The news today is a road sign, not a tomb stone.
Sears is raising some cash, but not setting any real new direction I can see, just selling some assets that have value like the Hawaii store for $250M.
The outlet stores around me are a mix, but all odd operations. The Santa Ana, Calif store is in a LARGE corner of a whole city block of warehouse and distribution space Sears appears to own, and last I looked it was a forest of floor models and returned appliances for not much if any discounts vs normal sale prices. The business model appears to be to unload this junk to the unwary odd consumer without impacting any sales at regular stores, with periodic likely insider sales to actually move merchandise at heavy discounts to smaller stores or swap meet sellers.
The Brea, Calif store is totally different, its a large store front in a typical non mall (big collection of secondary retail stores in a common parking lot, but no anchor stores). This one has a much fewer appliances than a regular Sears, about a 50/50 mix of non Sears brands, and the upper floor is all clothing of a end of season, returns, clearance variety. I've been there about a half a dozen times in the last few months because members of the Sears reward program get an email every Tuesday for one free item of apparel (two Dickies shirts, 4 Lands End, and a few Sears brands so far).

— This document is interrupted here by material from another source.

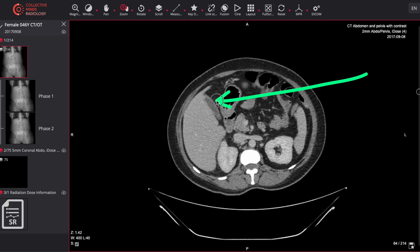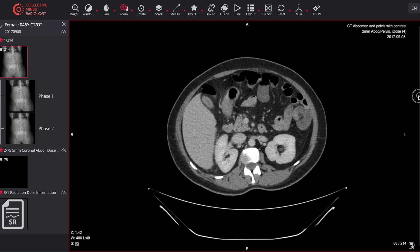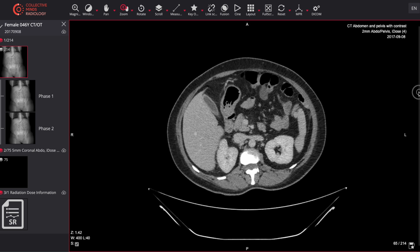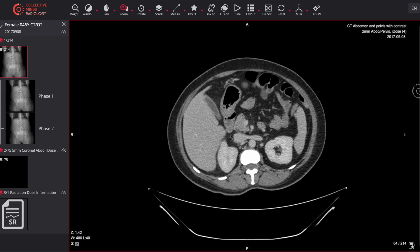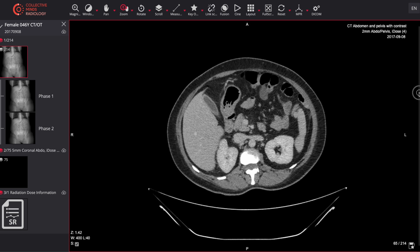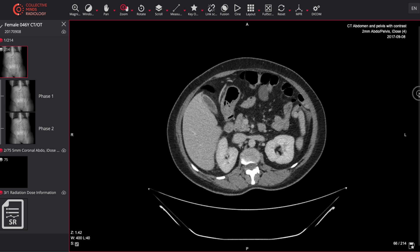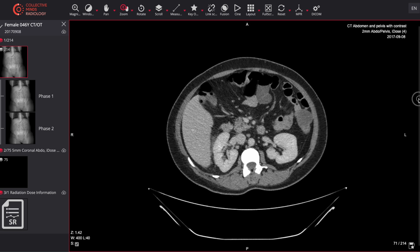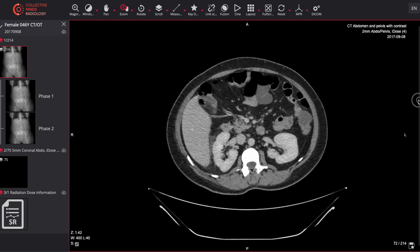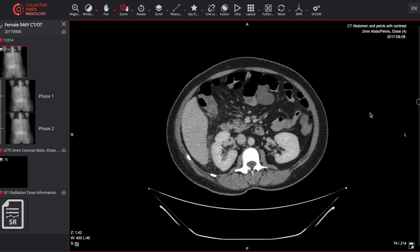Someone with right-sided abdominal pain may have something going on in the gallbladder. The gallbladder is sitting right over here and it actually looks normal. There's no evidence of any fat stranding around there. I'm going to show you what fat stranding looks like in just a second. Right-sided abdominal pain may also be caused by something to do with the kidneys — an obstruction or a calculus of some sort.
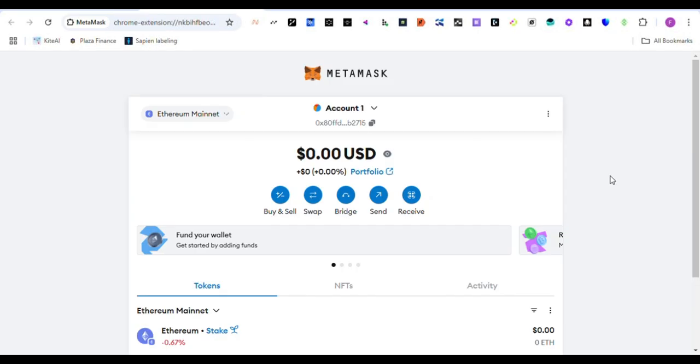Guys, welcome to my YouTube channel. Today we are going to learn how we can add the Monad testnet to our MetaMask wallet. As you can see, we're already inside our MetaMask wallet.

I think the second type of store is more common, they run them already as a separate enterprise with the exception of employee shirts having a Sears logo. These stores have no roots, like a Hickory Farms that shows up in a mall during the holidays and is gone a week after them.
OTOH I don't see the point in selling or closing them, unless Sears plans to dump a BUNCH of product to some third party instead of extracting some profit, or they plan to put a good sized area in stores for clearance good, which is what I assumed they wanted to avoid.
IMHO Lambert the major stockholder and Chairman has damaged Sears making very poor choices that has led to lower profits, and that is the bottom line, poor profits. Premium goods are what you need for profit, and they gave us Evolv and Chinese Craftsman.